Here we randomly assign a firstname and a lastname to an individual based on the value of gender and age and the frequency of the names. Firstname and lastname are sampled from a real uk database of baby birth name ranging from 1996 to 2018. Together with the synthetic predictors and independent identifiers, we have the synthetic gold standard file.
syn_gsf <- add_variable(syn_gsf, "firstname", country = "uk", gender_dependency = TRUE, age_dependency = TRUE)

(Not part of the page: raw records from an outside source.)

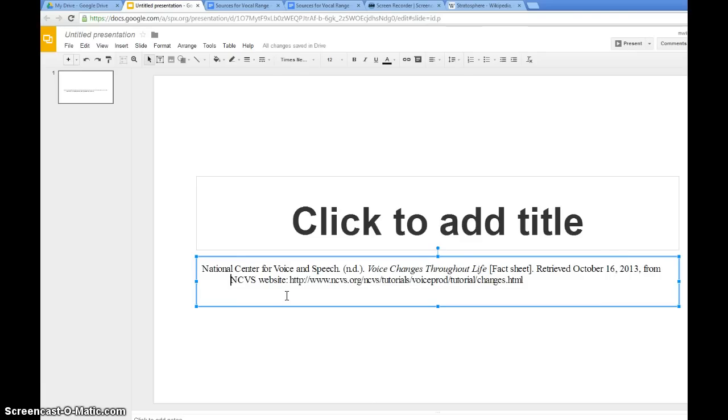So I know some of your teachers are very particular about that hanging indent, so let's make sure you get that in there for them.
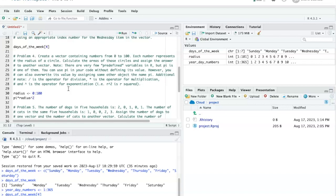Now one question is whether it will multiply the radius first and then square it, or square it and then multiply by pi. And the answer is it will square it first, because in the order of operations it does exponentiation first and then it will do multiplication.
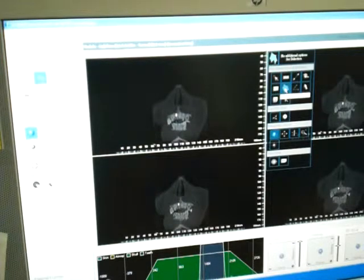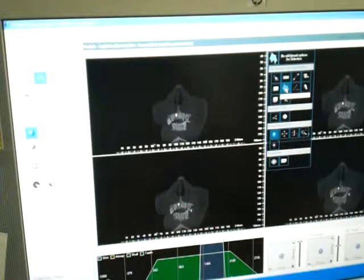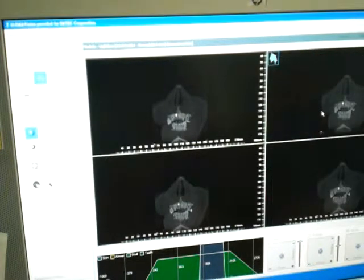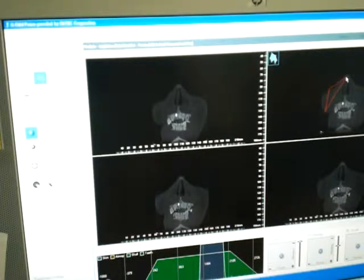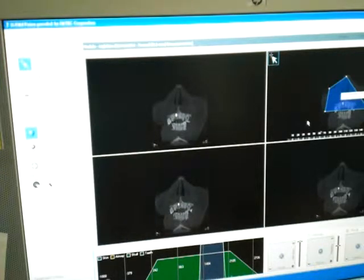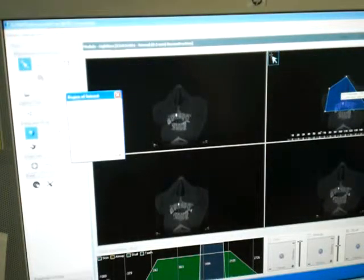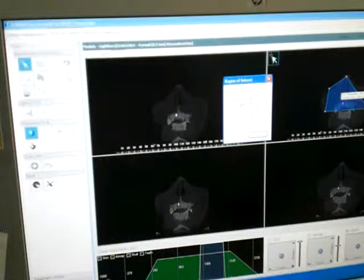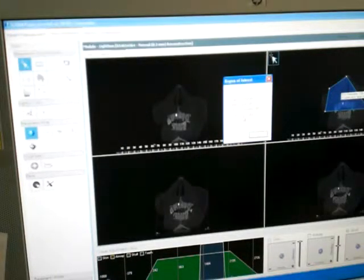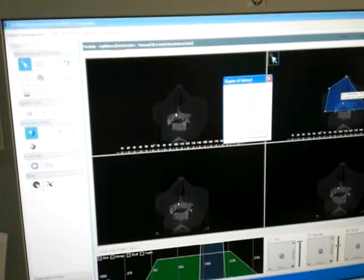This next tool is 'Create a Region of Interest.' It's similar to the profile, but instead of a line you draw a region — like a circle. Click on it, draw the region, then double-click to finish. It gives you statistics for that region: minimum, maximum, average, and standard deviation values.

syn_gsf <- add_variable(syn_gsf, "lastname", country = "uk")
head(syn_gsf)
## age race sex nhsid postcode firstname
## 1 45.44689 Amer-Indian-Eskimo Male 6531420790 M22 5BF tony
## 2 18.04504 White Male 6749102387 NN7 4LT oliver
## 3 33.22080 White Male 7543092867 SS13 1PZ steven
## 4 32.03759 White Male 3617948251 AB32 7AT leon
## 5 44.81910 White Female 4102587969 EX22 7BG chloe
## 6 30.49562 White Female 7653401988 CF14 5FT chloe
## lastname
## 1 barchard
## 2 ward
## 3 kirkbride
## 4 murden
## 5 munroe
## 6 terry
The linkage files are copies of the gold standard file that were damaged by several damage actions. In this section, we show how to generate two linkage files that can be used for linkage activity.
The error occurrence files are inferenced using the previously trained model based on the record of each individual. This gives us the guidance of the damage actions.

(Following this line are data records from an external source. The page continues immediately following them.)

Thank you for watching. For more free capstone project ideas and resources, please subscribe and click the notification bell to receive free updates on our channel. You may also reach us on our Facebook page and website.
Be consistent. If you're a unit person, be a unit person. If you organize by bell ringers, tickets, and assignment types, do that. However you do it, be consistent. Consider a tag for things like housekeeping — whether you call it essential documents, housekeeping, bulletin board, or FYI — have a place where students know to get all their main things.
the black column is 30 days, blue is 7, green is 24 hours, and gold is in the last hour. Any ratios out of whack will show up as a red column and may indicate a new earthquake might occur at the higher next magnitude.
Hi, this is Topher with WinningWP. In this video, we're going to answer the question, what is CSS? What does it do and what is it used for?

syn_error_occurrence1 <- bn_flag_inference(bn_learn$gen_data, bn_learn$fit_model)
head(syn_error_occurrence1)
## age_missing_flag race_missing_flag sex_missing_flag
## 1 0 0 0
## 2 0 0 0
## 3 1 0 1
## 4 0 1 0
## 5 0 0 0
## 6 0 1 1
## postcode_trans_char_flag firstname_variant_flag lastname_variant_flag
## 1 0 0 0
## 2 0 1 0
## 3 0 1 1
## 4 0 1 1
## 5 0 0 1
## 6 0 0 1
## firstname_typo_flag firstname_pho_flag firstname_ocr_flag
## 1 0 0 1
## 2 0 1 1
## 3 1 1 1
## 4 1 1 1
## 5 1 0 0
## 6 0 0 1
## firstname_trans_char_flag
## 1 1
## 2 1
## 3 0
## 4 0
## 5 0
## 6 0
syn_error_occurrence2 <- bn_flag_inference(bn_learn$gen_data, bn_learn$fit_model)

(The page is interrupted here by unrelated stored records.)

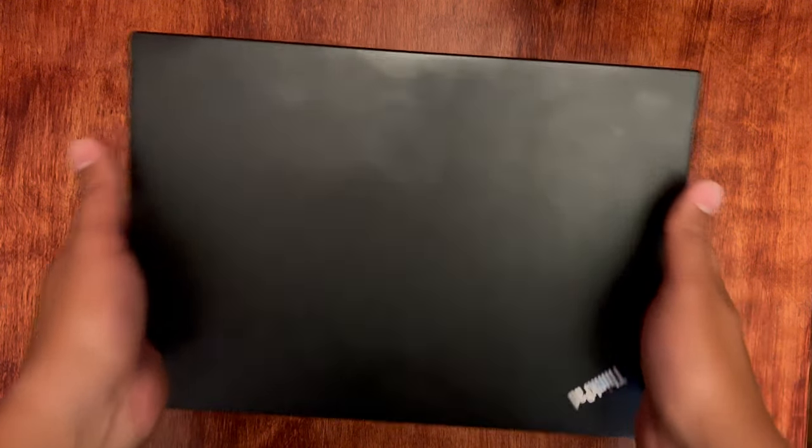To start off here, we have the typical construction by Lenovo. It's an all-plastic design. The light as you see here does blink when it is in sleep mode as it is now.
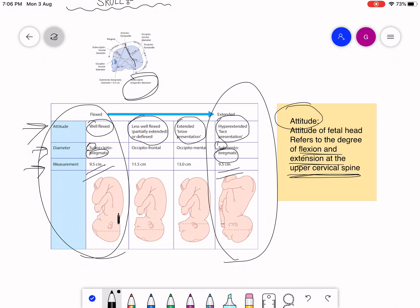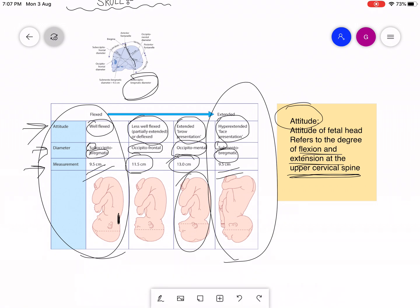For the less well-flexed or partially deflexed attitude, the diameter is occipitofrontal and it measures 11.5 centimeters. In extended brow presentation, the diameter is occipitomentel at 13 centimeters, making delivery very difficult because the mid-pelvic diameter is only 12 centimeters and rotation will not take place. This was all about the diameters — I hope you have learned. Please subscribe and let me know in the comments. Jazaakallah khair, Allah hafiz.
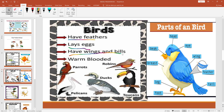If you're wondering what bills are, a bill is the beak — as you can see right here. Birds are warm-blooded animals. Examples of birds include parrot, robin, duck, and toucan. Right here you can see the eyes, head, beak, and other parts.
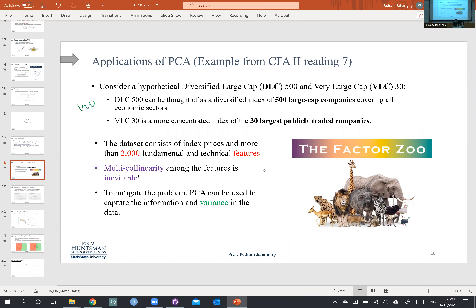Hello everyone, this is class number 23 — actually the second part of class number 23. We didn't get a chance to finish up the theory part for principal component analysis last time. I believe we stopped here; we were talking about the applications of PCA and we looked into one example from the CFA level 2 reading number 7.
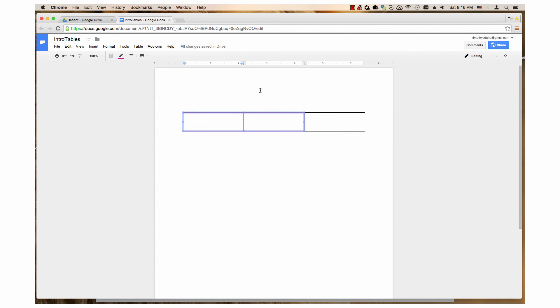The border dash lets you change the line style. There are three options: a solid line, a dotted line, and a dashed line.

head(syn_error_occurrence2)
## age_missing_flag race_missing_flag sex_missing_flag
## 1 0 1 1
## 2 0 0 0
## 3 0 1 0
## 4 1 0 0
## 5 1 0 1
## 6 1 0 0
## postcode_trans_char_flag firstname_variant_flag lastname_variant_flag
## 1 1 0 1
## 2 0 1 0
## 3 0 1 1
## 4 0 0 0
## 5 0 0 1
## 6 0 1 0
## firstname_typo_flag firstname_pho_flag firstname_ocr_flag
## 1 0 0 0
## 2 0 1 0
## 3 1 0 1
## 4 1 0 0
## 5 1 1 0
## 6 1 1 0
## firstname_trans_char_flag
## 1 0
## 2 0
## 3 0
## 4 1
## 5 1
## 6 1
Here we damage the gold standard file based on the inferred occurrence of the errors.
syn_lf1 <- damage_gold_standard(syn_gsf, syn_error_occurrence1)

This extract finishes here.